▶ _EXERCISE BRIEF_
When you give the entries again, keep every word as it stands and drop the pictures.

▶ _THE INPUT_
+===+
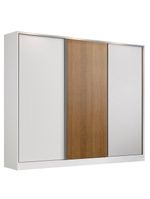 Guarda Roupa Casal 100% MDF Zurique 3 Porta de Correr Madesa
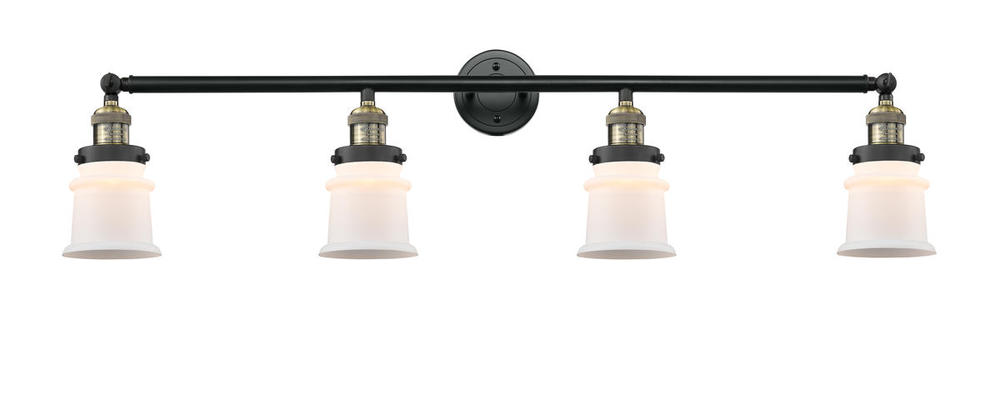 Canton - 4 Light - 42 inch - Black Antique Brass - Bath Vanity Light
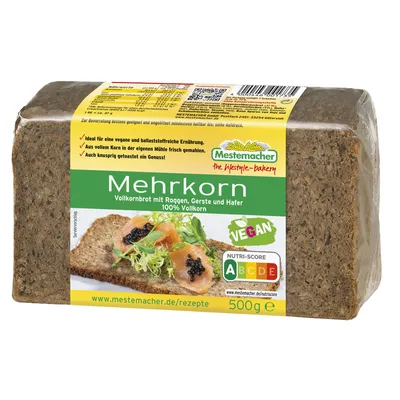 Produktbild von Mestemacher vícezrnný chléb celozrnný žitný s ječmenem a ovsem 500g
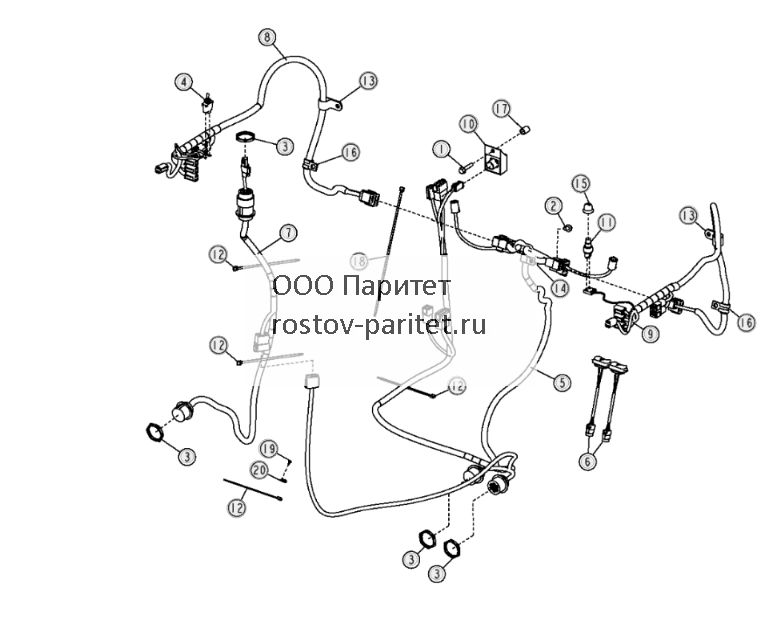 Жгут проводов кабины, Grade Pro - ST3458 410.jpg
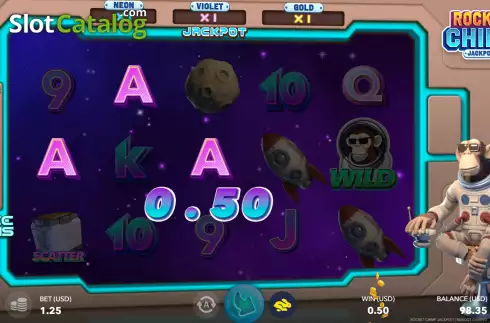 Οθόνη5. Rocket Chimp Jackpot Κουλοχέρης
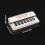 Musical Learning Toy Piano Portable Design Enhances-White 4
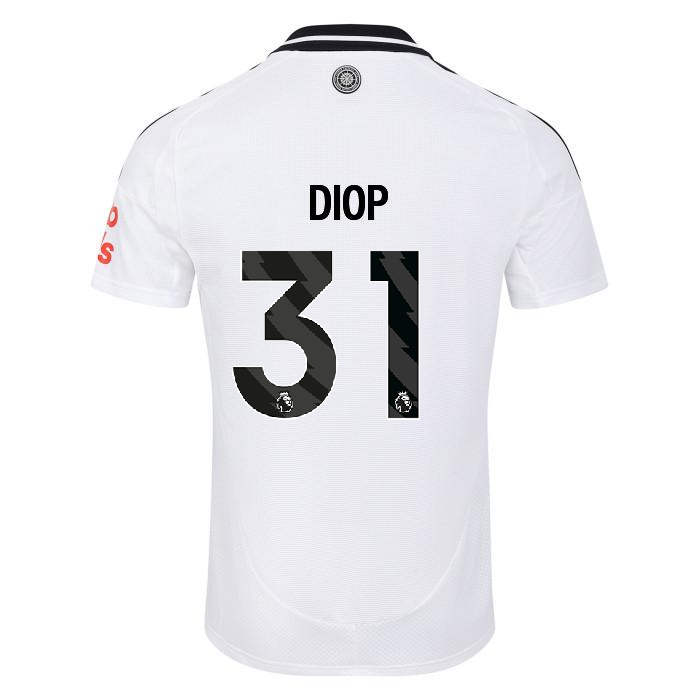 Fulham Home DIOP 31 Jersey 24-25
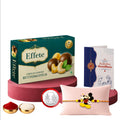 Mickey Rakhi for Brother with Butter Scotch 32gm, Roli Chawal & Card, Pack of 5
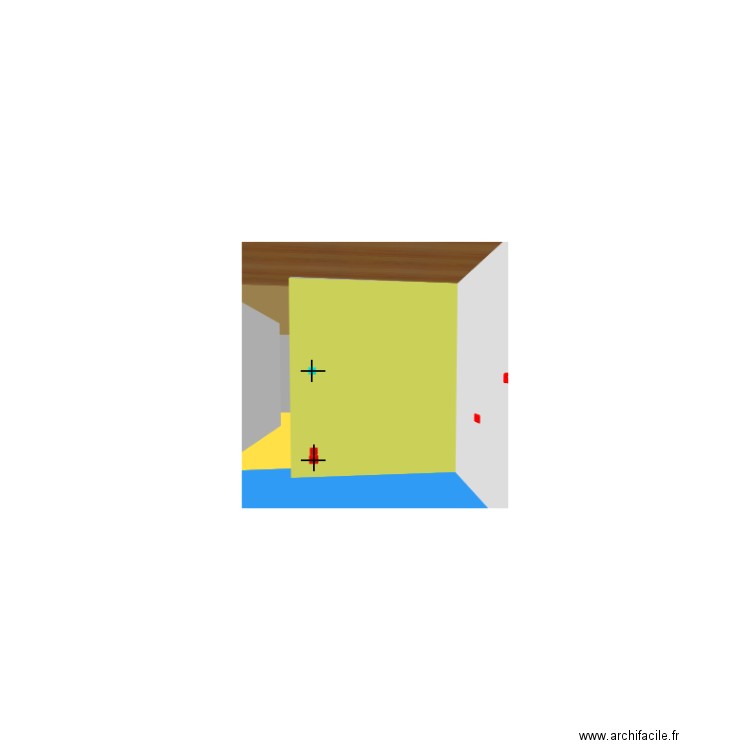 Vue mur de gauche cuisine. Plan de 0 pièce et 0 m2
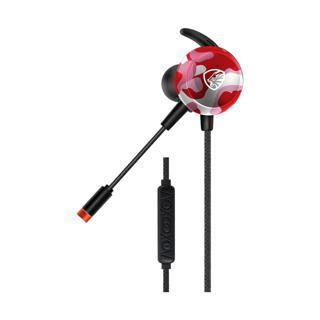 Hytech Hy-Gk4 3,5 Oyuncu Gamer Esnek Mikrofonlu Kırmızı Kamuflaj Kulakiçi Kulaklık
+===+
▶ _TASK SOLUTION_
 Guarda Roupa Casal 100% MDF Zurique 3 Porta de Correr Madesa
 Canton - 4 Light - 42 inch - Black Antique Brass - Bath Vanity Light
 Produktbild von Mestemacher vícezrnný chléb celozrnný žitný s ječmenem a ovsem 500g
 Жгут проводов кабины, Grade Pro - ST3458 410.jpg
 Οθόνη5. Rocket Chimp Jackpot Κουλοχέρης
 Musical Learning Toy Piano Portable Design Enhances-White 4
 Fulham Home DIOP 31 Jersey 24-25
 Mickey Rakhi for Brother with Butter Scotch 32gm, Roli Chawal & Card, Pack of 5
 Vue mur de gauche cuisine. Plan de 0 pièce et 0 m2
 Hytech Hy-Gk4 3,5 Oyuncu Gamer Esnek Mikrofonlu Kırmızı Kamuflaj Kulakiçi Kulaklık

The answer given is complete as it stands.